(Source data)
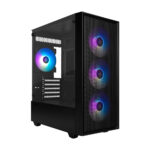 Gabinete Game Factor Csg503 Matx Con Ventana LED/Rgb/Mini Torre/Micro ATX/Mini ATX/USB 2.0 Y 3.0/Sin Fuente/4 Ventiladores Instalados/Negro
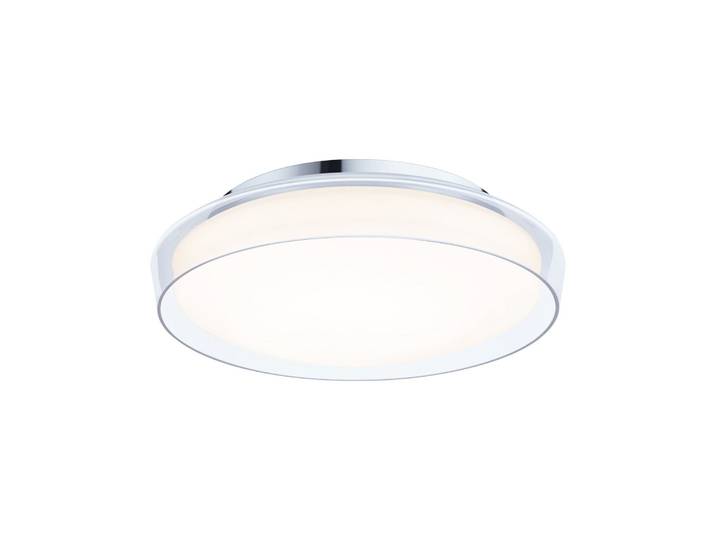 Luena LED-Deckenleuchte, IP44, chrom, Ø 35 cm - Paulmann - Badezimmer - Modern - Metall - Bündig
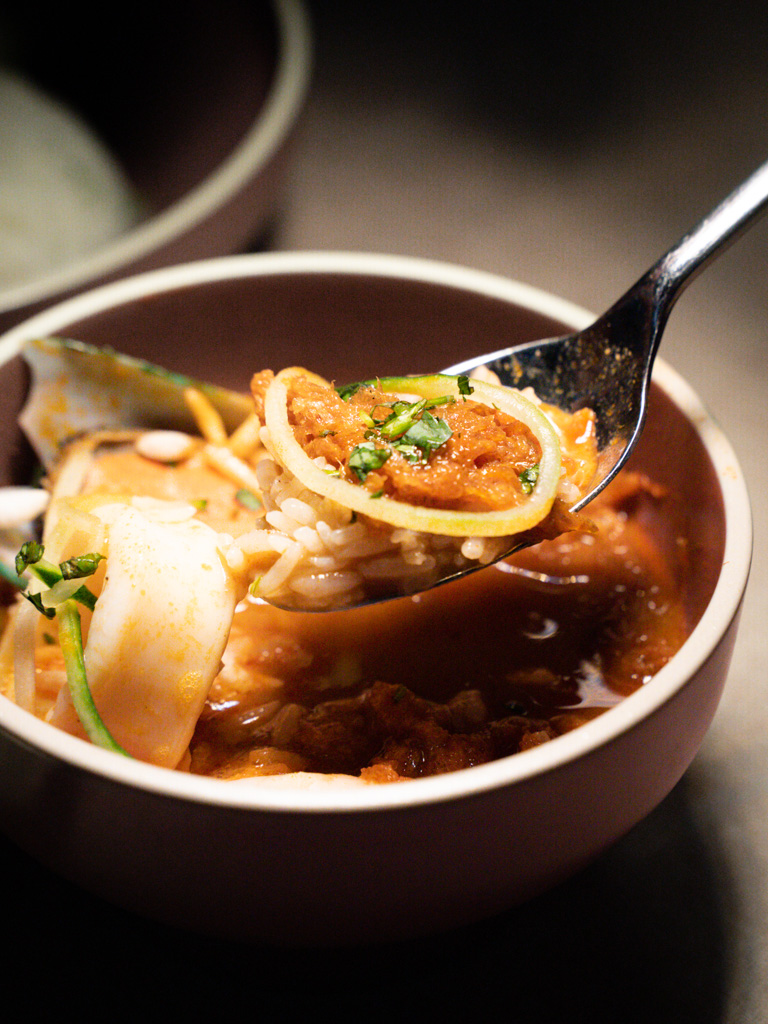 Pao fan with laksa broth! Photo: Evan Mua/HungryGoWhere rice @ rasa space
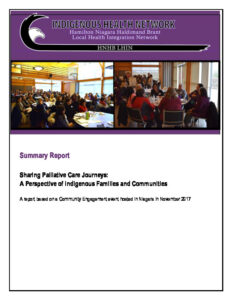 Community Engagement Event Report – Sharing Palliative Care Journeys – November 2017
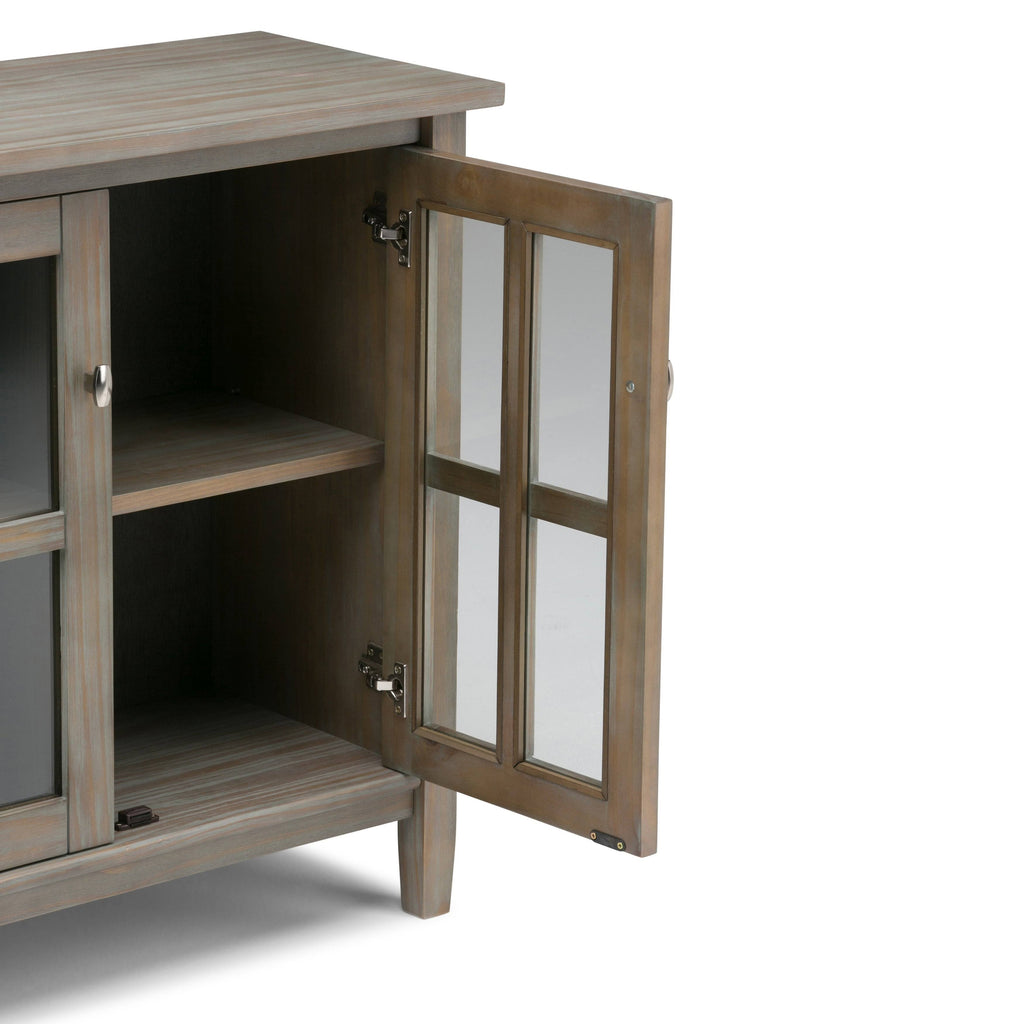 Rustic Natural Aged Brown Solid Wood Low Storage Cabinet S825643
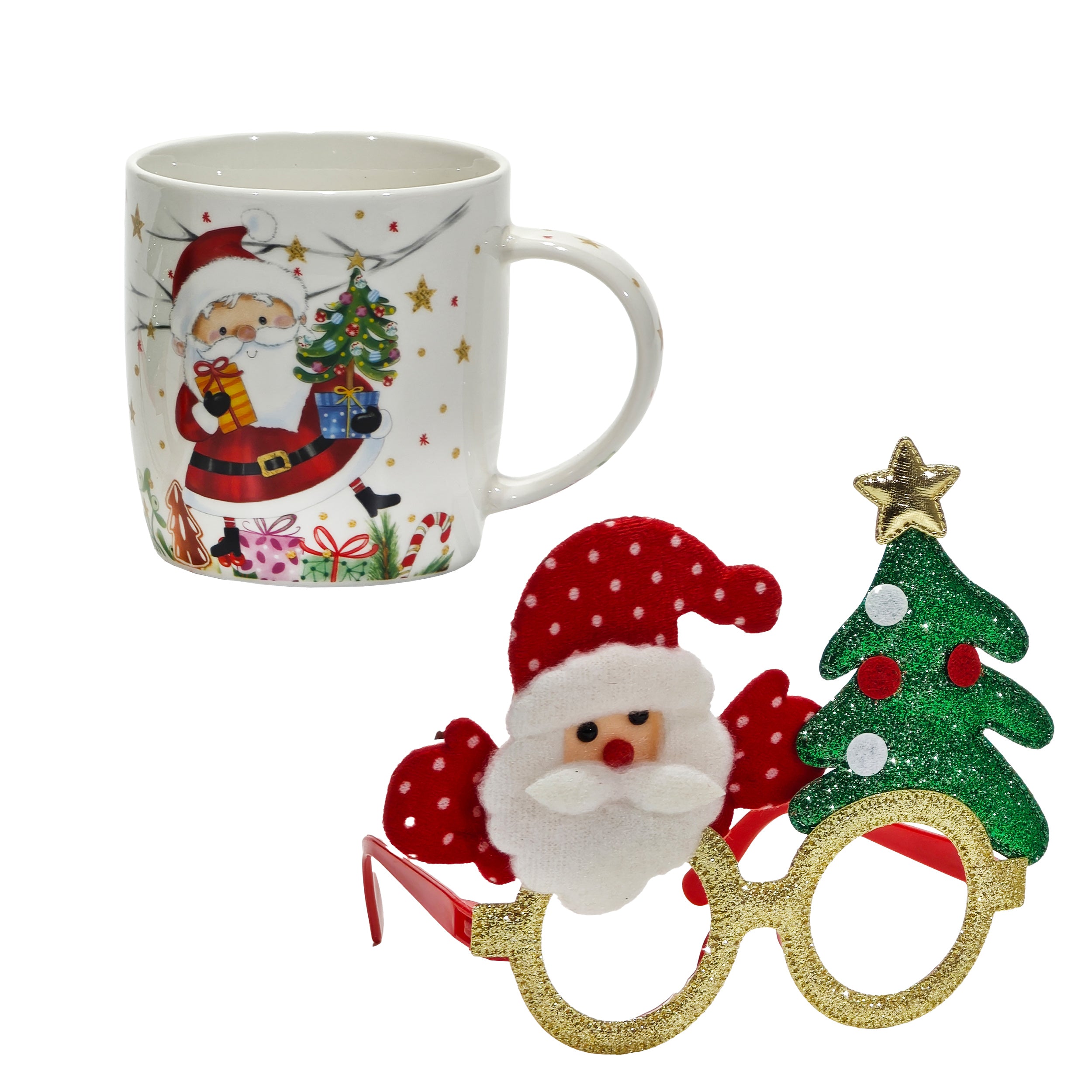 VESTIAMO CASA GRAN NATALE - Set Tazza e occhiali natalizi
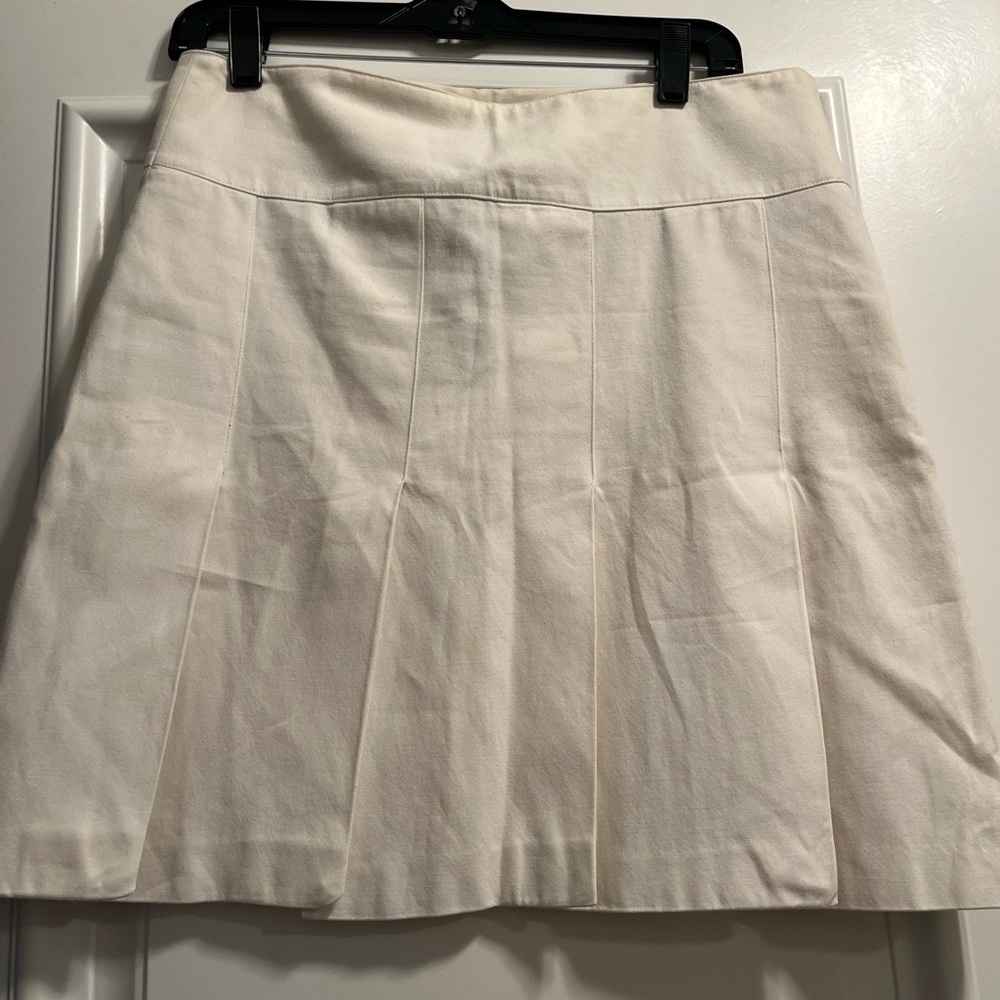 Burberry Cream A-Line Skirt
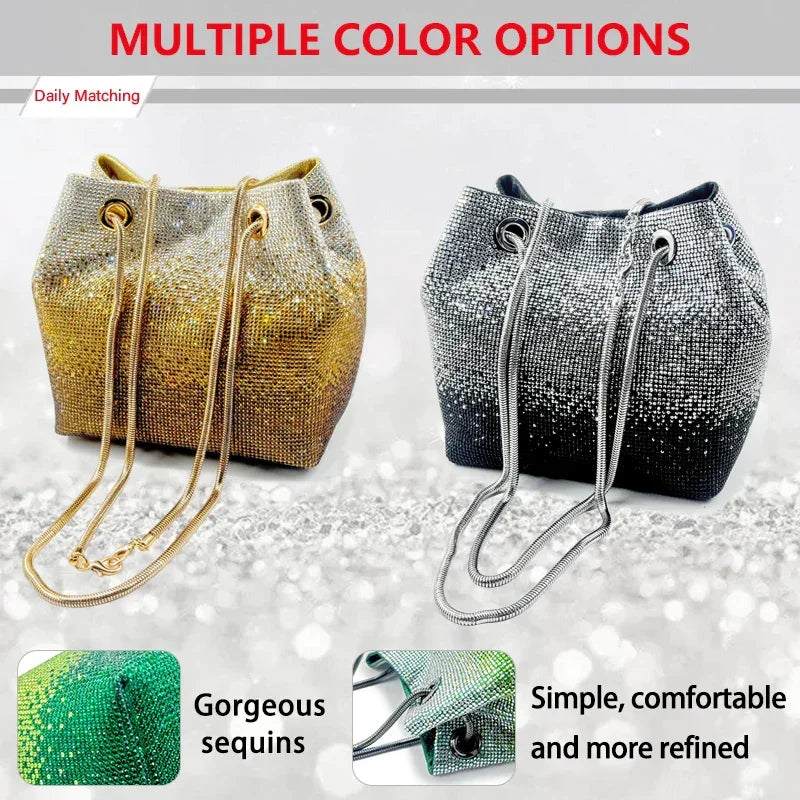 Italian Design Luxury Shiny Handbag - Palm and Thread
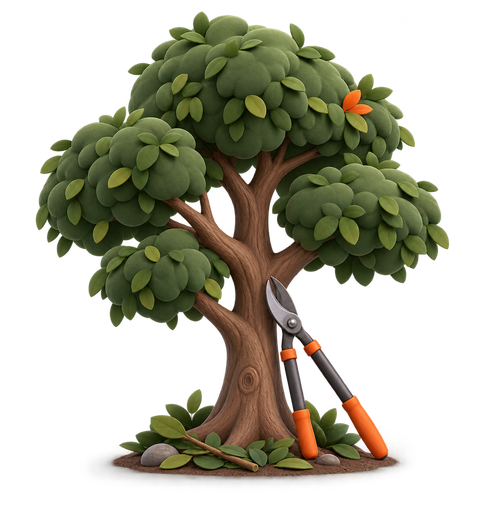 Tree service illustration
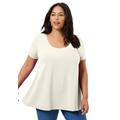 Plus Size Women's Short-Sleeve Swing One + Only Tee by June+Vie in Pink Whisper (Size 26/28)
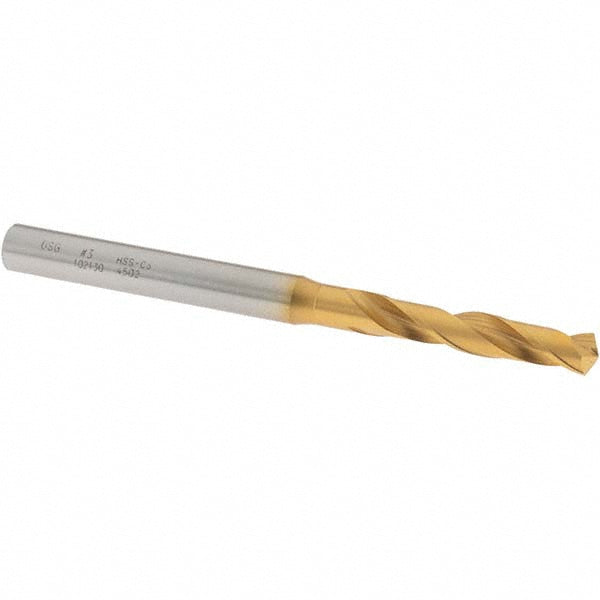 OSG 10213005 Screw Machine Length Drill Bit #3 (0.2130) Dia, 130 deg, Cobalt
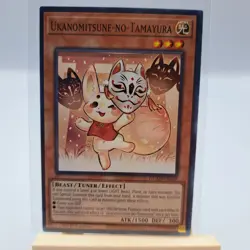 Yugioh TCG Trading Card Single Ukanomitsune-No-Tamayura #098 Beast Tuner - Image 1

◆ EXERCISE OBJECTIVE ◆
The answer must consist solely of the lines from the one with "Tree service illustration" through the final line of the data, each reproduced exactly and with pictures omitted.

◆ EXERCISE RESPONSE ◆
 Tree service illustration
 Plus Size Women's Short-Sleeve Swing One + Only Tee by June+Vie in Pink Whisper (Size 26/28)
 OSG 10213005 Screw Machine Length Drill Bit #3 (0.2130) Dia, 130 deg, Cobalt
 Yugioh TCG Trading Card Single Ukanomitsune-No-Tamayura #098 Beast Tuner - Image 1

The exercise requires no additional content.